Hi all,
I know bugzilla is my friend and I will put this in bugzilla, but I believe
this needs many eyes, so hence I'm first discussing it here.
Currently when building rpms on an i686 and using %configure in your specfile
rpmbuild calls configure like this (non interesting stuff removed):
./configure --build=i686-pc-linux-gnu --host=i686-pc-linux-gnu \
--target=i386-redhat-linux-gnu
This is just plain wrong, this should be:
./configure --build=i686-pc-linux-gnu --host=i386-redhat-linux-gnu \
--target=i386-redhat-linux-gnu
Or preferable just:
./configure --build=i686-pc-linux-gnu --host=i386-redhat-linux-gnu
Here is a chapter of the autotools book describing the meaning of --build
--target and --host:
http://www.ensta.fr/~diam/dev/online/autoconf/autobook/autobook_259.html
Normally one only needs to specify build and host:
--build specifies the canonical name of the system on which the packages is
build
--host specifies the canonical name of the system on which the packages will
run
So clearly specifying a host of i686-pc-linux-gnu for .i386 rpms is wrong, as
then some packages (ode for example) will unconditionally use i686 inline
assembly, which of course won't work on an i386. At first I thought this was a
bug in the upstream configure but it is not when --host says its an i686,
unconditionally using i686 asm is fine, thus upstream is not to blame but our
invocation of configure is to blame.
For completeness sake, as said --target really should (normally) not be passed
(it will then default to whatever --host is):
--target specifies the canonical name of the system for which any code
generated by the package when run should be generated
So --target really only is relevant when building things like binutils and gcc
and thus should not be specified by default.
An example to hopefully make things clearer, lets say I'm building gcc on an
i686 and I want to run the resulting gcc binaries on a powerpc using Fedora,
and I want the gcc binaries to generate code for an arm, then I would specify:
./configure --build=i686-pc-linux-gnu --host=powerpc-redhat-linux-gnu \
--target=arm-redhat-linux-gnu
(Yes that would be cross compiling a cross compiler).
As said the correct invocation of ./configure on an i686 to build .i386 rpms
would be:
./configure --build=i686-pc-linux-gnu --host=i386-redhat-linux-gnu
There is one problem here though, now the --build and --host strings are not
equal, so autoconf will assume we're cross-compiling which isn't really true.

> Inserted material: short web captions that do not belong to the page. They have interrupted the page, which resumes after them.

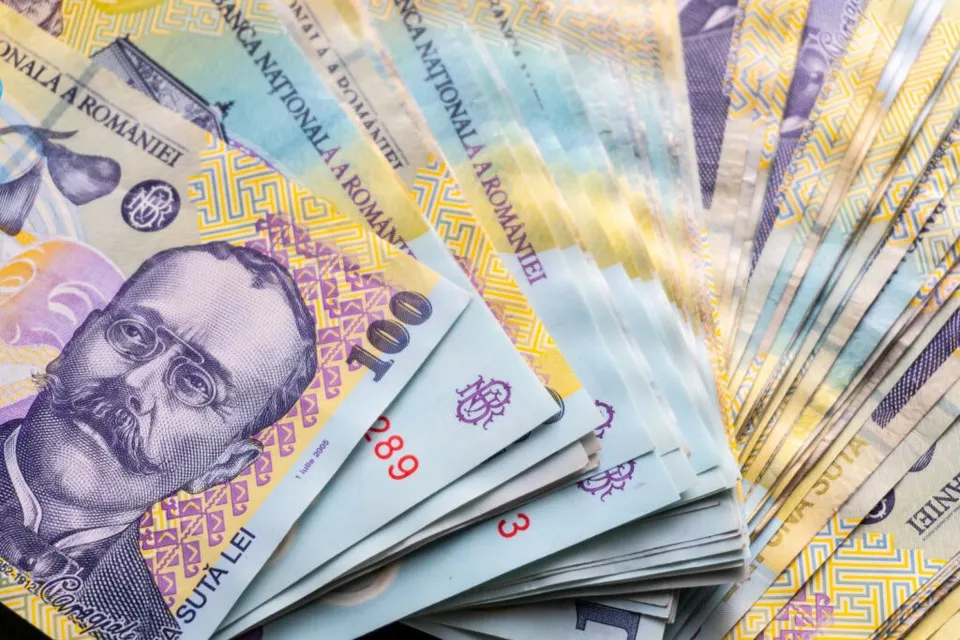 Mai multe bancnote de o sută de lei sunt întinse într-un evantai pe un fundal neutru.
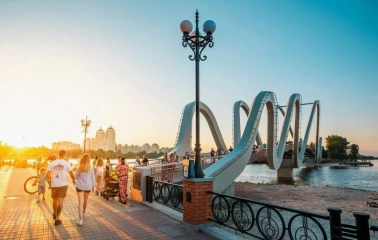 Azov Wave Bridge in Kyiv - pedestrians walking on a wavy bridge bathed in the golden light of the sunset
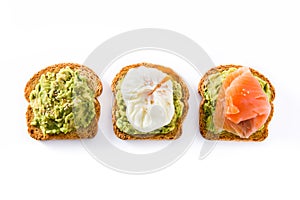Toasted breads with avocado, poached eggs and salmon isolated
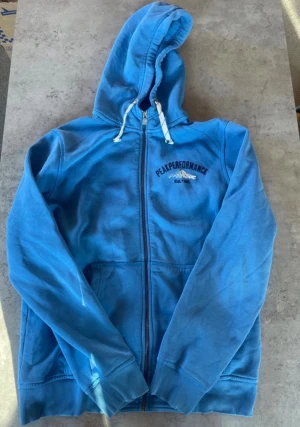 Blå zip hoodie från Peak Performance - Snygg blå hoodie från Peak Performance med dragkedja framtill och vit snörning i huvan. Broderad logga och bergmotiv på bröstet. Tillverkad i mjuk bomullsblandning och har två fickor fram. Perfekt för en avslappnad och sportig stil. Skick syns på bilden inget som syns så mycket på. Storlek xxl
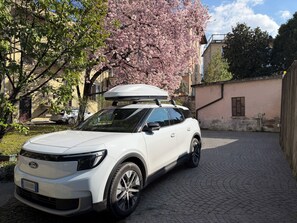 Een witte SUV geparkeerd op een keienpad, met een kersenboom op de achtergrond.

A solution for this would be to invoke configure like this:
./configure --build=i386-redhat-linux-gnu --host=i386-redhat-linux-gnu
Note this (with an unnecessary identical --target added) is currently what
(luckily) happens in koji.
But when doing a local test build using "make i386" configure gets invoked
wrongly. Can we fix please this inconsistency between local rpmbuild's and koji?